Among other things, the restrictive covenants in question (i) restricted competition with Kodiak’s other portfolio companies, beyond merely the business of Northwest, (ii) restricted solicitation of any current or prospective client or customer of Kodiak’s other portfolio companies, beyond merely the clients and customers of Northwest, and (iii) defined Confidential Information to include information relating to Kodiak’s other portfolio companies.

The court noted that, while Delaware law recognizes Kodiak’s legitimate economic interest in protecting what it purchased when it acquired Northwest, it has not affirmatively recognized a legitimate interest in protecting all of the buyer’s preexisting goodwill that predated the buyer’s purchase of the target company.  After a fact specific analysis, the court held that “[t]he acquiring company’s valid concerns about monetizing its purchase do not support restricting the target’s employees from competing in other industries in which the acquirer also happened to invest.” 

Notably, the court declined to “blue pencil” the agreement to alter the restrictive covenants’ scope and impose a reasonable set of restrictions to make them enforceable, despite language in the agreement explicitly permitting it to do so.  In declining to blue pencil the restrictive covenants, the court referenced a 2011 case that explained that disparate bargaining power between employers and employees leads the court to conclude that when a restrictive covenant is unreasonable, the court should strike the provision in its entirety instead of blue penciling restrictive covenants to create a “no-lose” situation for employers.  Interestingly, the court did not explain its reliance on blue pencil precedent from the employer-employee context in its refusal to blue pencil the “sale of a business” restrictive covenant at issue in this case.  It stands to reason that the “disparate bargaining power” consideration in the employer-employee context should not be relevant (or at least as relevant) in the sale of a business context.  It is not clear from the opinion whether the parties briefed this issue.

Practical Guidance

In light of the Kodiak case, buyers and their counsel should consider the following:

  • For private equity firms and other buyers with existing businesses/portfolio companies in different industries and geographies, the Kodiak case shows that they cannot rely on “sale of the business” restrictive covenants to cover/protect their preexisting businesses and assets.

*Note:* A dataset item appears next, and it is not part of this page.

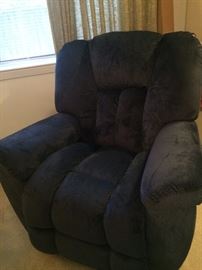 Large recliner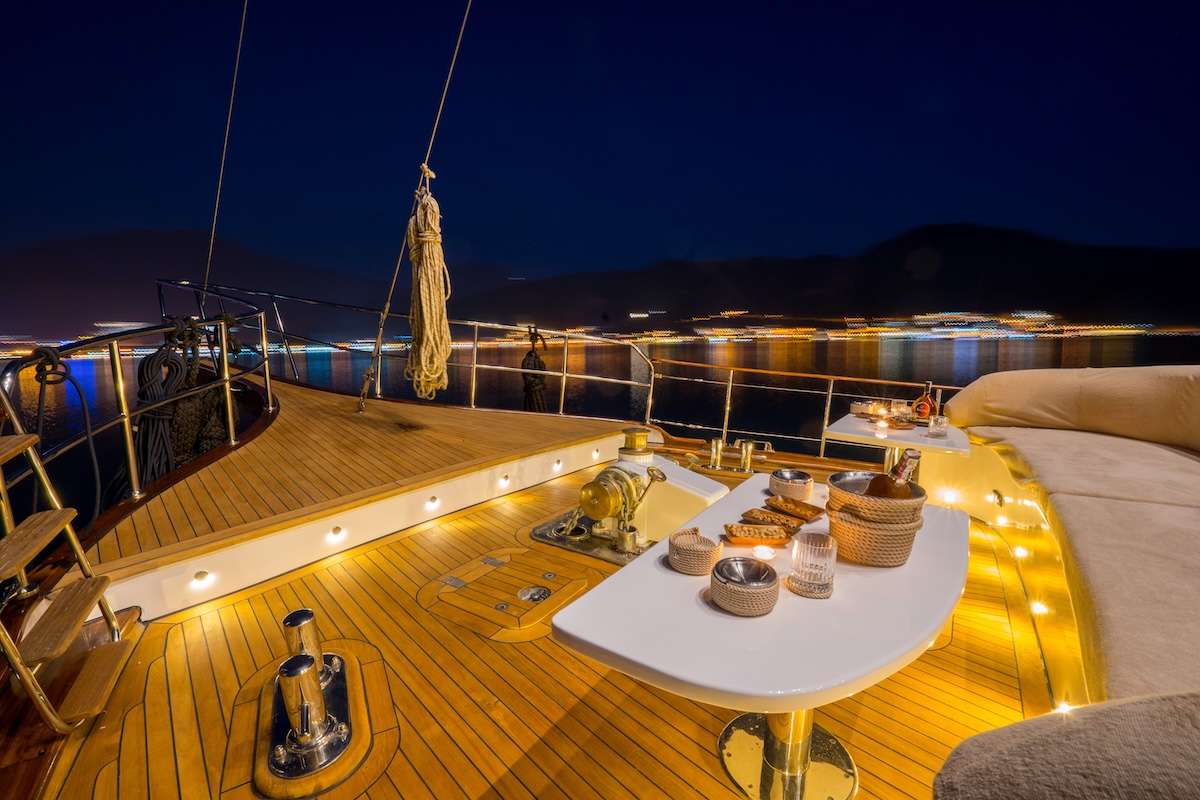 Yacht Photo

Despite the wider latitude given to “sale of the business” restrictive covenants, the court determined that the restrictive covenants in Kodiak were overbroad in relation to the legitimate business interests they were intended to protect.  In the context of the sale of a business, the court made clear that a buyer’s legitimate business interests are limited to the assets/goodwill and information that the buyer obtained in the acquisition.
  • If Kodiak stands, the typical boilerplate language included in restrictive covenants regarding reasonableness becomes inconsequential in Delaware. As a matter of public policy, Delaware courts will always review the reasonableness of restrictive covenants, despite the presence of an acknowledgment by the restricted party of the reasonableness and necessity of the restrictions or a waiver of any issue of reasonableness as a defense.  The court also declined to “blue pencil” the agreement, despite language in the agreement explicitly permitting it to do so.  A buyer cannot assume that the court will save an overly-broad restrictive covenant by imposing reasonable conditions.
  • Be careful what you ask for, even if the restricted party agrees to it. Buyers should carefully consider and identify which legitimate business interests require protection via restrictive covenants.  While this more disciplined approach may leave some protection on the table, an overbroad set of restrictive covenants could leave the buyer with no protections at all.